Leaving the pictures aside, restate all of the data exactly.
··· Exercise data ···
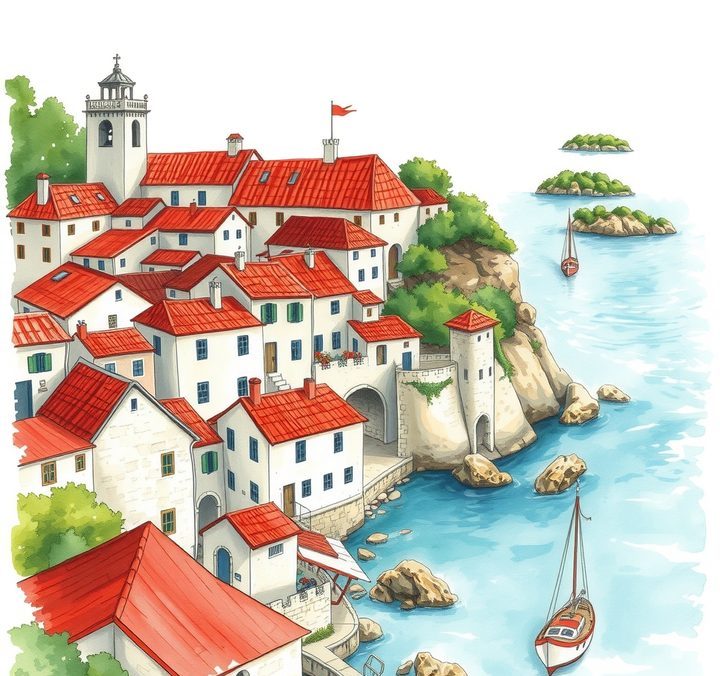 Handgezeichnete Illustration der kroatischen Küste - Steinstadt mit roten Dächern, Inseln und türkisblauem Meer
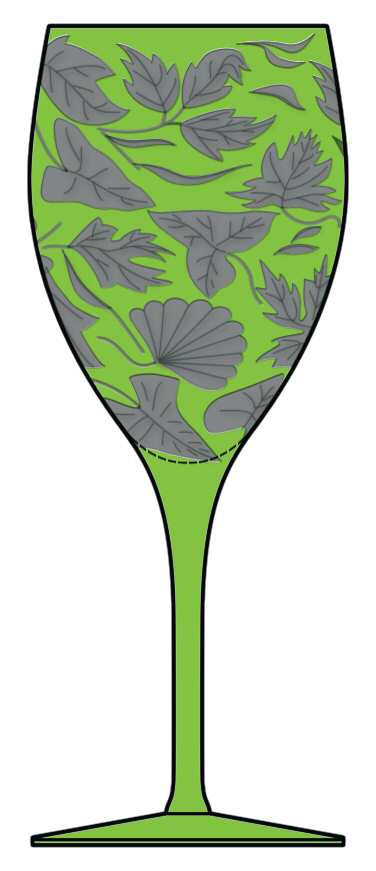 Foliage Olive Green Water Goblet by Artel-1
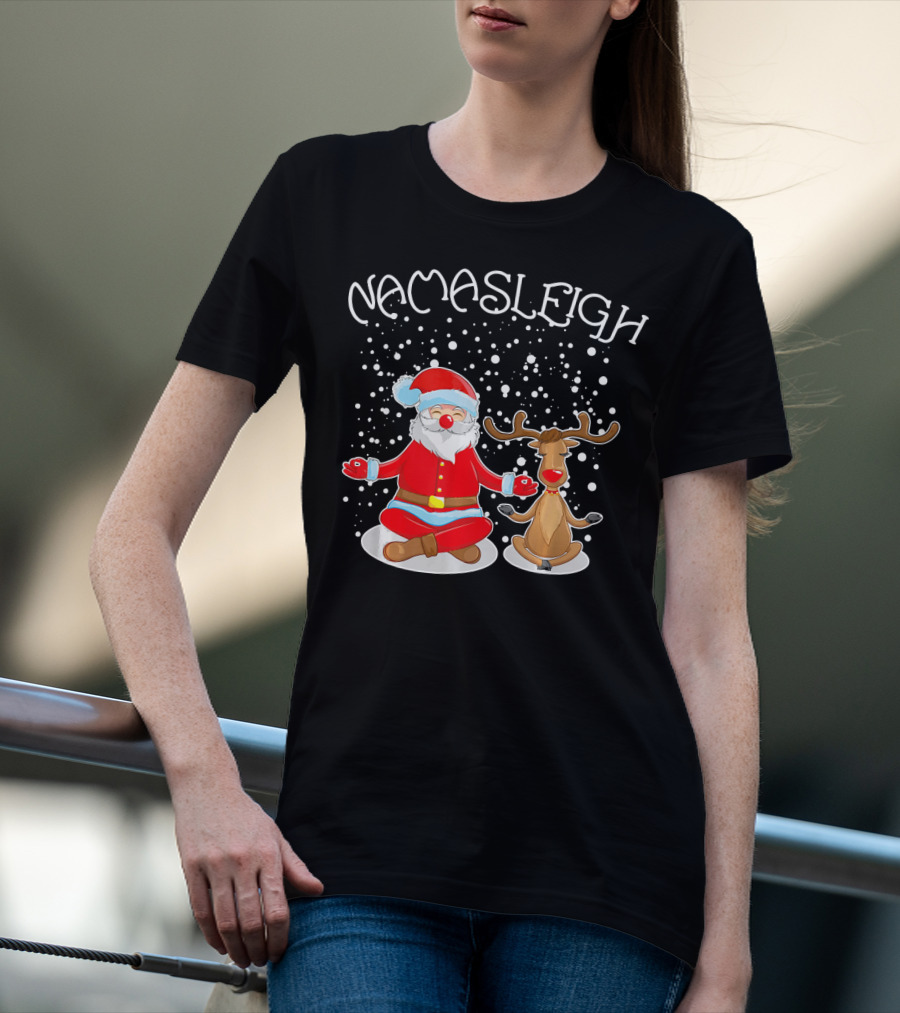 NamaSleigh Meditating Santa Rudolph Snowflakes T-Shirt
···
Response to this exercise >>
 Handgezeichnete Illustration der kroatischen Küste - Steinstadt mit roten Dächern, Inseln und türkisblauem Meer
 Foliage Olive Green Water Goblet by Artel-1
 NamaSleigh Meditating Santa Rudolph Snowflakes T-Shirt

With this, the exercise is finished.